However, the particular difficulty with Polish art institutions lies in the fact that they have always been very close to European tradition ideologically, but never constituted the center of it. What is more, the art of non-Western Europe applied the same definition to the work of art, and therefore did not establish separate and isolated cultural practices. If the European assumption of modernist universalism was severely criticized, how might this critique be translated and applied to the context of its own peripheries? What kind of narrative should be created for art (and its history) that applied the European tradition but were perceived as marginal or provincial? This is the main reason it becomes inevitable to create a new context for an analysis that would engage with these questions. Moreover, this particular research perspective should take into account the question of the geopolitical location of Poland, as it has a direct impact on the foundation of its museums.

In the case of the Polish institution, it becomes rather puzzling what kind of narrative these formulate. Usually, state art museums that present old masters’ works function under the name of the national museums. Most of the major cities in Poland have their own national museums, wherein the range of the art collections depends on the economic and political importance of the city itself. The most significant and respected are, however, the national museums in Warszawa and Kraków: the former is supported by the authority of the capital city and the latter includes the famous Princes Czartoryski Museum, considered to be the oldest art and history museum in Poland. The map of cultural institutions is complemented by many regional museums, which essentially address their respective programs to the local audience. Some of the state museums, as well as some of the municipal museums, are organized under the auspices of the Ministry of Culture and National Heritage. Others institutions are co-managed by the Ministry and local authorities, or other forms of governing bodies. [14] This management model is quite popular among the rest of the state, municipal, or regional museums. Finally, there are museums with a statute or rules and regulations approved by the Minister of Culture and National Heritage, but run by natural or legal persons. This means that they cannot be considered as public institutions controlled and supported financially by the state and will be excluded from further analysis. The total sum of all of the aforementioned institutions, according to statistics presented by the National Institute of Museology and Collections Protection, reaches 519. Only an indefinite number of them are dedicated to historical or contemporary art.

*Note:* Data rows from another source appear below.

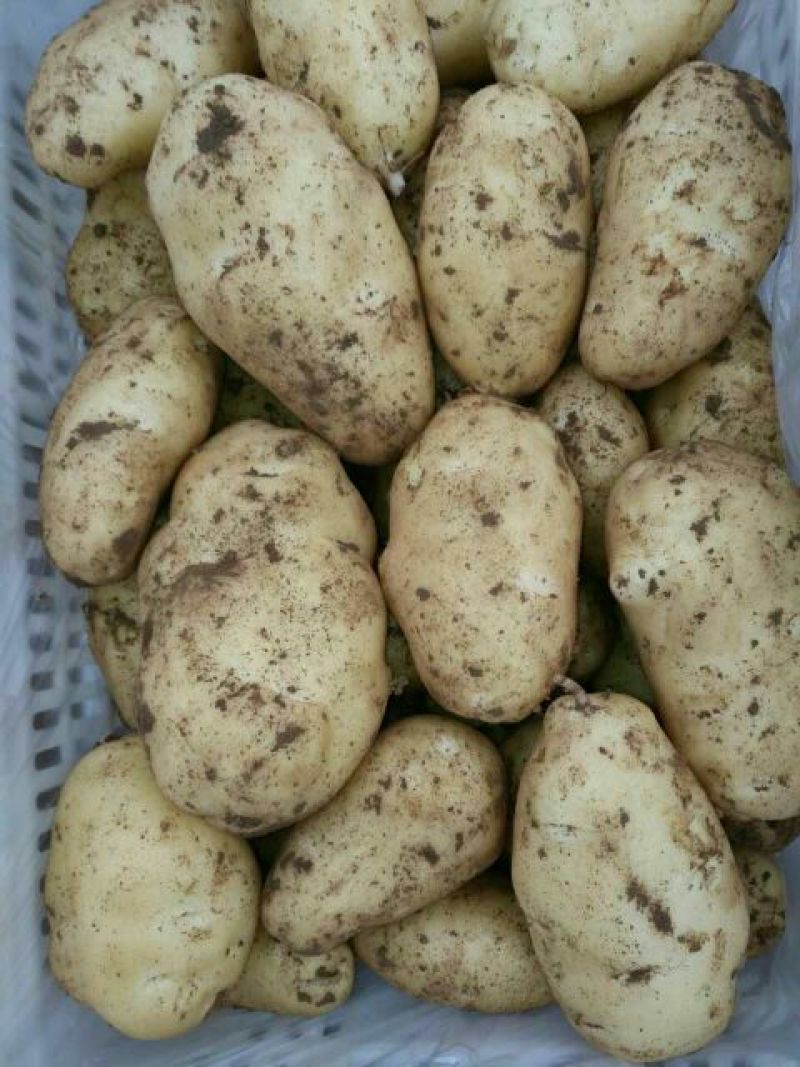 荷兰十五土豆1两以上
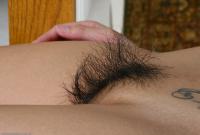 ATK hairy Starlingz Set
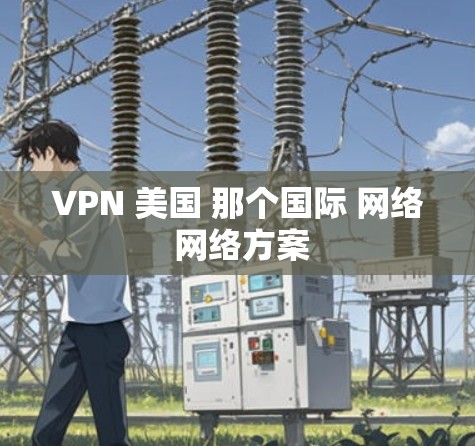 VPN 美国 那个国际 网络 网络方案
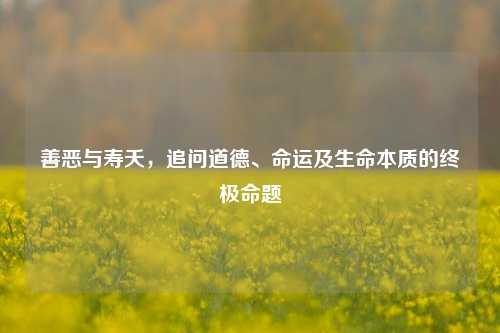善恶与寿夭，追问道德、命运及生命本质的终极命题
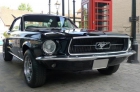 Ford Mustang V8 1967 4.7 l coupe - mejor precio | unprecio.es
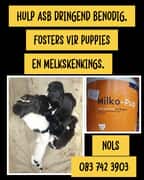 Orphaned Puppies Need Foster Homes and Puppy Milk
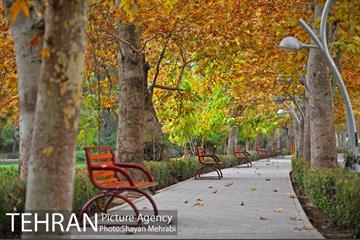 پاییز در پارک های تهران 14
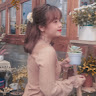 19050047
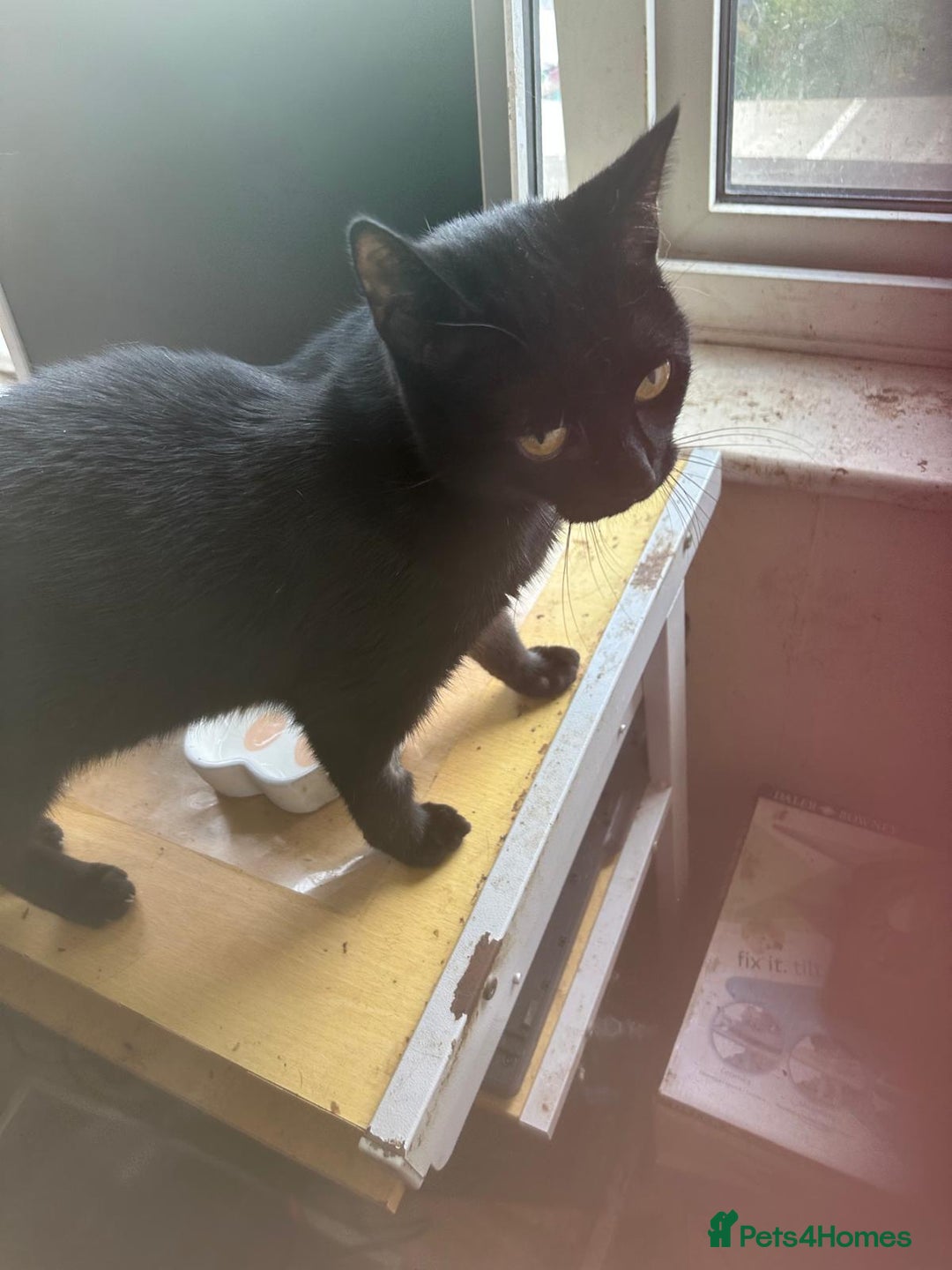 Mixed Breed cats for adoption: Milly the rescue cat needs new home - Image 4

Generally speaking, national and regional art museums are prone to a rather traditional approach that follows Schelling’s idea of the temple of art. The conservative paradigm clearly leads toward the Western European tradition, made visible through collections comprising international (mostly European) art from various epochs. The question of their being a part of this tradition seems to be beyond dispute. However, ongoing debates concerning the issues raised by new museology have changed the monolithic character of the institution. A considerable number of educational projects lead by various art museums in Poland have weakened its basic principle, creating an image of an open and accessible institution. The need for social education was considered an essential part of the museum’s strategy at the time. However, as it happened, the educational involvement was given specific limits, which became clear when the National Museum in Warsaw employed a new director in 2009. The executive was nominated after his presentation of an acclaimed proposal, an extraordinary program combining educational aspects with critical analysis. Piotr Piotrowski pursued an innovative strategy of museum development that complied with the consequences of globalization. The radical idea of the critical museum aimed to transform the institution into a dynamic social forum that would serve as a space of education and critical reflection on culture, society, and history.[15] What is more, he strongly advocated moving beyond the established art canon and drawing attention to its peripheries. Unfortunately, Piotrowski experienced severe difficulties, which forced his resignation. Moreover, one of the exhibitions organized under Piotrowski’s auspices, Art Homo Erotica, curated by Paul Leszkowicz, was considered by some to have destroyed the institution’s good name. The cultural experiment met with deep hostility, and the revolution remains unfinished. A detailed history of the incident was later described in Piotrowski’s publication, entitled Muzeum krytyczne (Critical museum).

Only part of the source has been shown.